Undergradute Teaching
The college will assist in the training of
undergraduate medical students for general practice, and in
promoting further experiment in this direction. In the General
Practice Review Committee of the B.M.A. it was agreed unanimously
that there was a need to teach more about general practice in
medical schools. In the old days there was much good in the system
of apprenticeship with its impalpable influences of example and
personal contact. Fifty, or even thirty, years ago many senior men
on the consulting staffs of teaching hospitals had been for a time
in general practice and knew its problems: this is unusual now.
Nowadays, medical students (the majority of whom enter general
practice) often qualify without ever having met or spoken to a
general practitioner, and without having seen him at work. In what
other profession, and in what other branch of the medical
profession, would this be allowed? In many hospitals medical
students are in touch only with specialists, and they are not given
a true appreciation of the opportunities and satisfactions of
general practice. The most able among them are not often encouraged
to become general practitioners; the rest are not always prepared
to the best advantage for this career. Many admittedly settle down
well, but some do not. Students must be taught the general
practitioner's attitude towards different diseases and symptoms,
and towards different types of patients and different situations.
At some stage in their training they must also be taught something
of the technique of general practice; it is hard for specialists to
teach all the details of a technical subject on which they are not
working themselves. When students are taught more specifically
about the good general practitioner's point of view, and about his
methods, they will more accurately appreciate the nature and
significance of his work, and the keener will they be to join
him.
The Steering Committee feels that closer
contact between medical students and practitioners is advisable,
and that a college could help much in assisting those who are
teaching undergraduates to direct their attention to general
practice. It could establish the principle that much more in
general practice can be taught to students than is being done at
present, and that general practitioners exist who are capable of
teaching it.
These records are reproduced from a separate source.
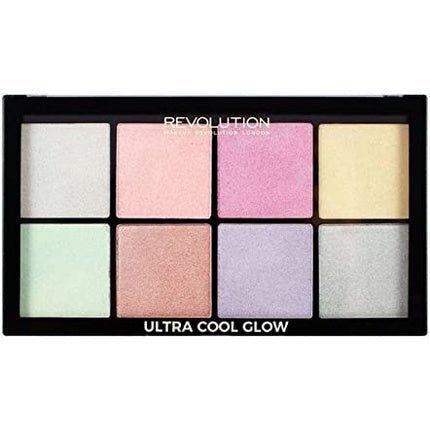 Revolution Highlighter Palette Ultra Cool Glow Mixed - Maison des fragrances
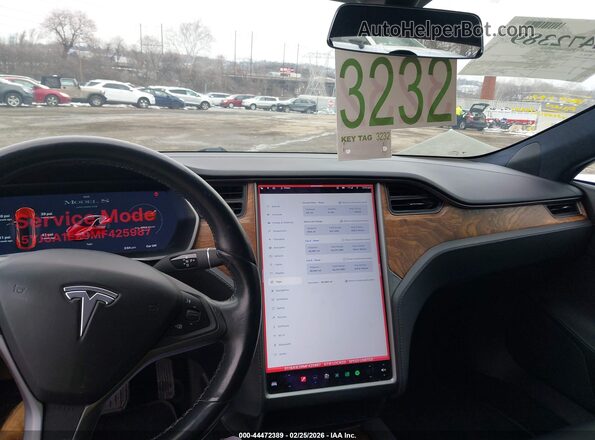 5YJSA1E29MF425987 2021 TESLA MODEL S Красный 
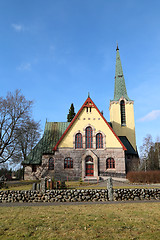 Image showing Humppila Church, Finland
A number of medical schools have already realized the
importance of this problem and have started pilot schemes which, as
is appropriate in experimental work, run along various lines. The
college could correlate them; and, as an advisory body, it could be
of assistance to the deans of these schools by helping them to find
practitioners who are willing and able to teach students carefully
and well. Experienced practitioners may before long be accepted as
members of the staffs of teaching hospitals. When they have
demonstrated that they are not only willing to accept teaching
responsibilities, but are in fact able to stimulate interest in the
students, they may be brought into the counsels of the schools so
that they may advise on the many ways in which the teaching of
general practice can be included in the curriculum. They will be
able, for example, to organize practical teaching outside the
schools by arranging for students to attend the surgeries of
experienced and approved general practitioners, and under their
guidance to visit also the homes of patients. In this and in other
ways the students will gain a real understanding of the problems of
general practice.
Postgraduate Teaching
The postgraduate teaching of general
practitioners will be helped and promoted by the college in many
ways, in cooperation with the Universities, the British
Postgraduate Medical Federation of the University of London, the
B.M.A., and the central authorities:-
(a) In training
a qualified doctor for a career in general practice-
(i) A college
could collect information on his needs in this branch of the
profession. Much of a practitioner's training in matters of
equipment and the like, begins after qualification, and if he
cannot bring his equipment up to date he cannot use his training to
full advantage. In every practice much useful experience, many
proved techniques and many good ideas, developed by trial and error
over a number of years, die when the practitioner himself dies. The
college could offer all this scattered information and wealth of
experience to those entering general practice, perhaps with the
help of plans and small-scale models of consulting rooms,
dispensaries, and so on. This will save much individual struggling
and muddling along without adequate guidance; young men and women
will be able to come to the college for help-perhaps as associates
during their postgraduate year-to an academic home of their own
with a staff specially interested and experienced in their
problems. By this means they will choose their equipment and
establish themselves in general practice more easily and more
quickly than they can at present.
(ii) A college will also be able to encourage
and help a young practitioner to follow up a special bent, by
increasing his knowledge in any particular field in which he is
interested. This will not make him into a 'specialist' in any sense
of the word, but it will be likely to develop special interests and
contacts in his work.
(iii) A college
may be able to improve and to clarify many aspects of the problem
of trainee-assistantships; and in several ways principals in
practices may be helped in finding suitable
assistants.
(b) In
continuing a practitioner's education throughout his
career.
(i) A college
could help general practitioners to keep abreast of progress in
ideas, knowledge and technique. It was once true that the practice
of medicine did not greatly change between qualification and
retirement; but nothing could be further from the truth now.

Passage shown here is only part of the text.